[INSTRUCTIONS FOR THE TASK]
Could you copy every record below exactly, leaving out the pictures?

[AVAILABLE RECORDS]
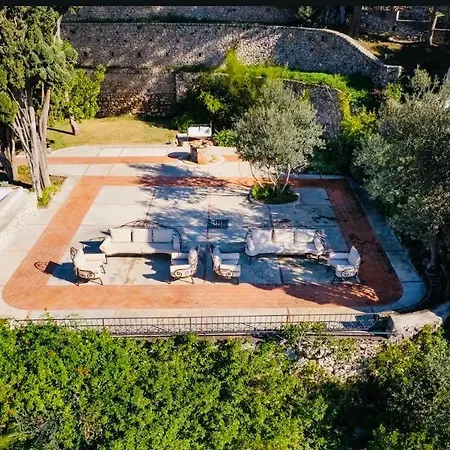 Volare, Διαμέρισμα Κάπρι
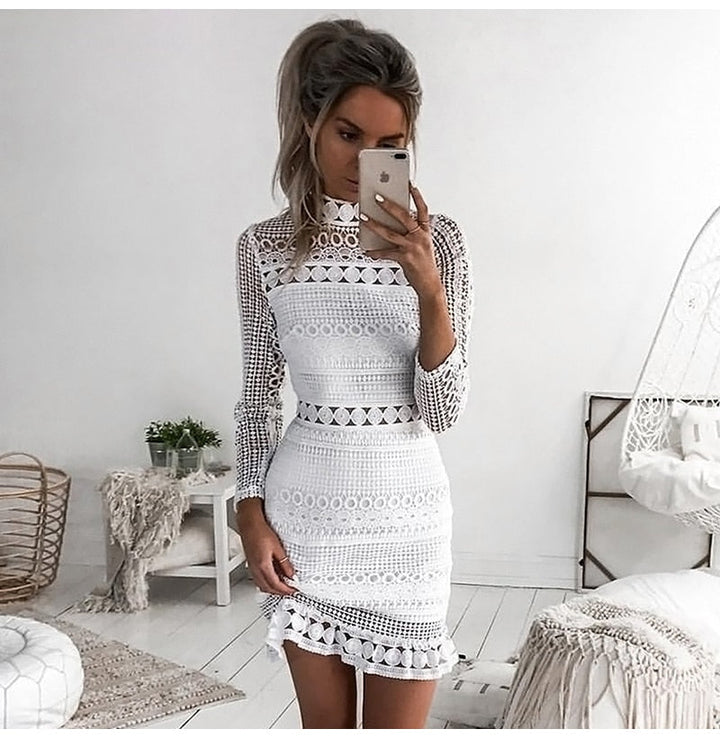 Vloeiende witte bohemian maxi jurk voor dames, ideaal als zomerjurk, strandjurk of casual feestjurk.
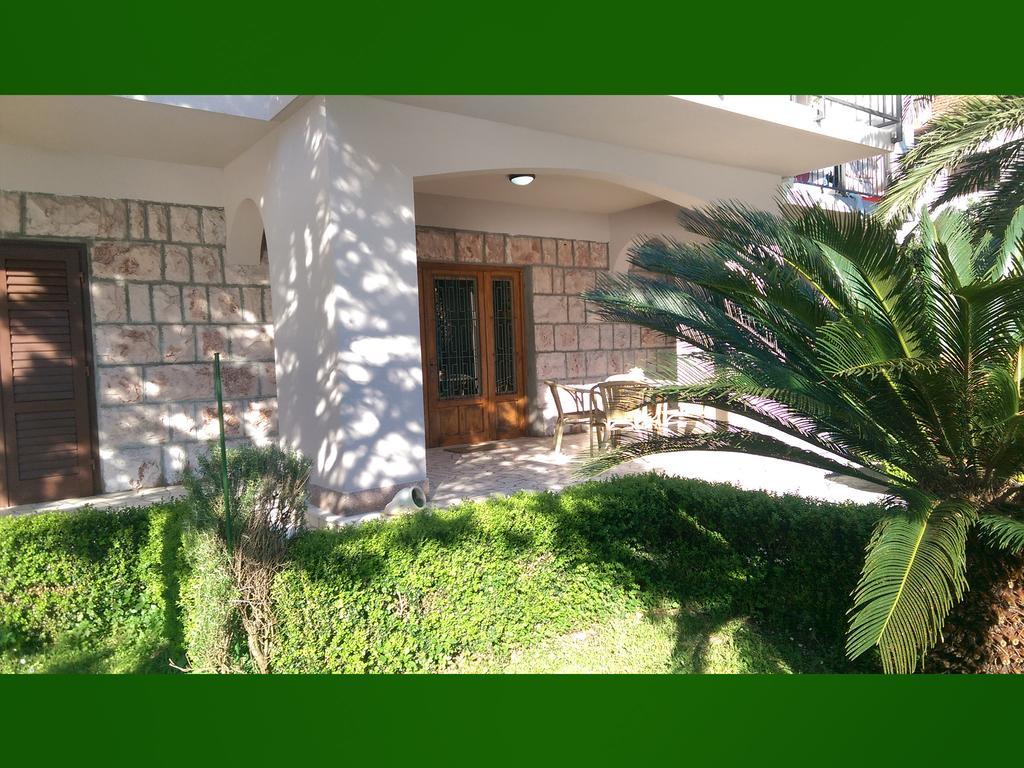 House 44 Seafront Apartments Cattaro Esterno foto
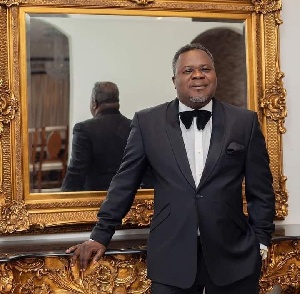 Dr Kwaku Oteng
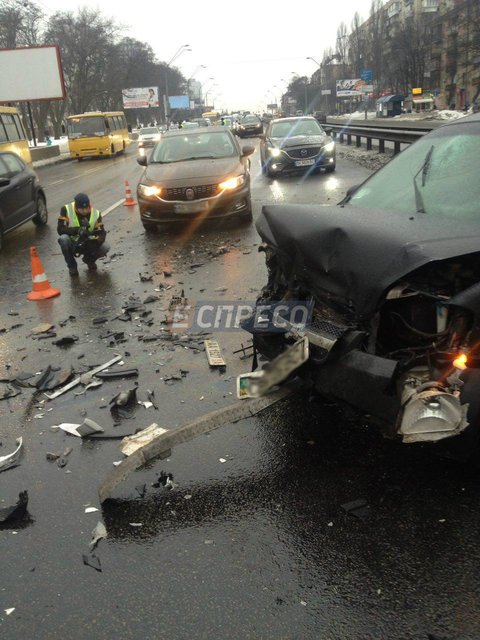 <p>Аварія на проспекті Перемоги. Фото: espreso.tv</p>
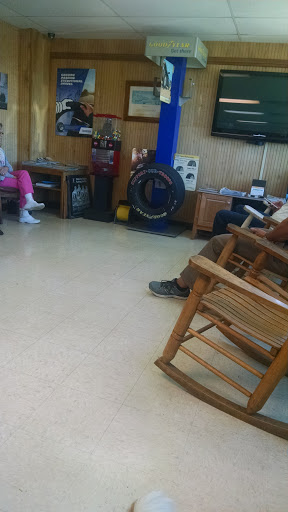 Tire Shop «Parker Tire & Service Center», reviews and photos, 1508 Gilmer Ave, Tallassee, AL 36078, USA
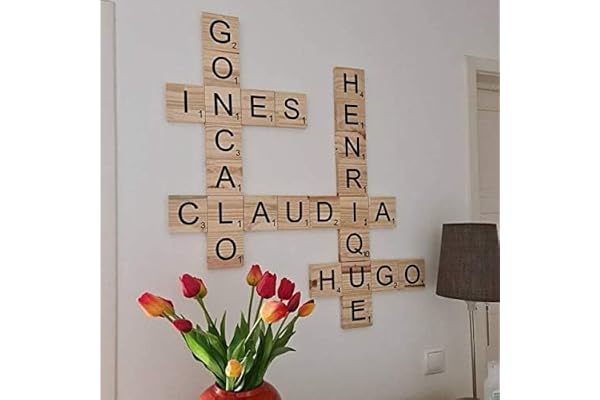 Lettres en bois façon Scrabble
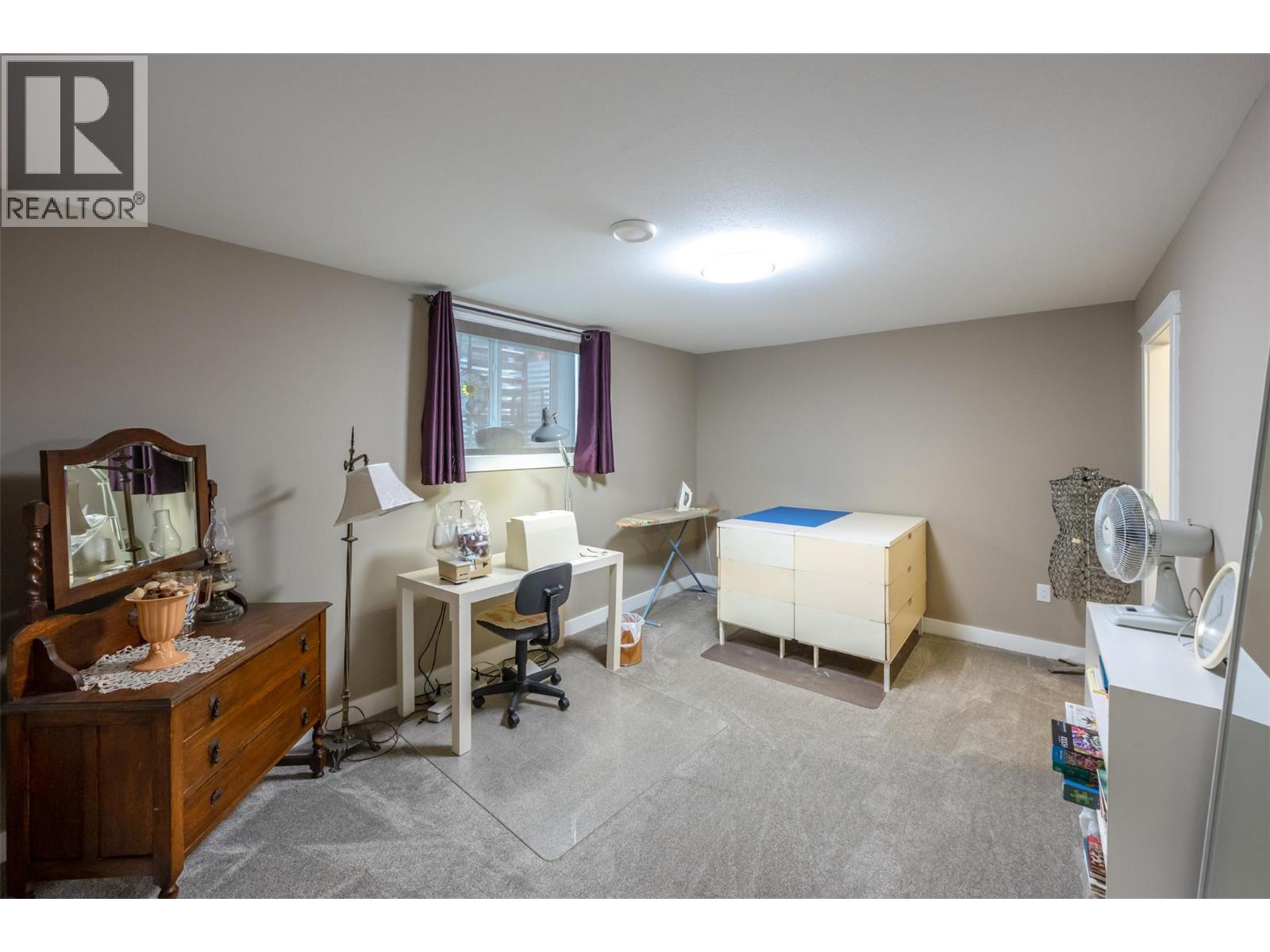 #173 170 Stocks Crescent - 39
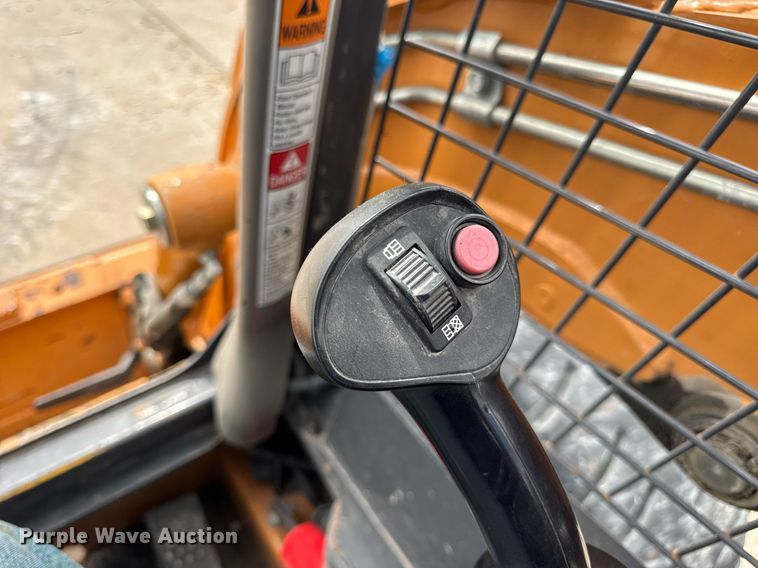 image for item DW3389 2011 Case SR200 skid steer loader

[RESULT BELOW]
 Volare, Διαμέρισμα Κάπρι
 Vloeiende witte bohemian maxi jurk voor dames, ideaal als zomerjurk, strandjurk of casual feestjurk.
 House 44 Seafront Apartments Cattaro Esterno foto
 Dr Kwaku Oteng
 <p>Аварія на проспекті Перемоги. Фото: espreso.tv</p>
 Tire Shop «Parker Tire & Service Center», reviews and photos, 1508 Gilmer Ave, Tallassee, AL 36078, USA
 Lettres en bois façon Scrabble
 #173 170 Stocks Crescent - 39
 image for item DW3389 2011 Case SR200 skid steer loader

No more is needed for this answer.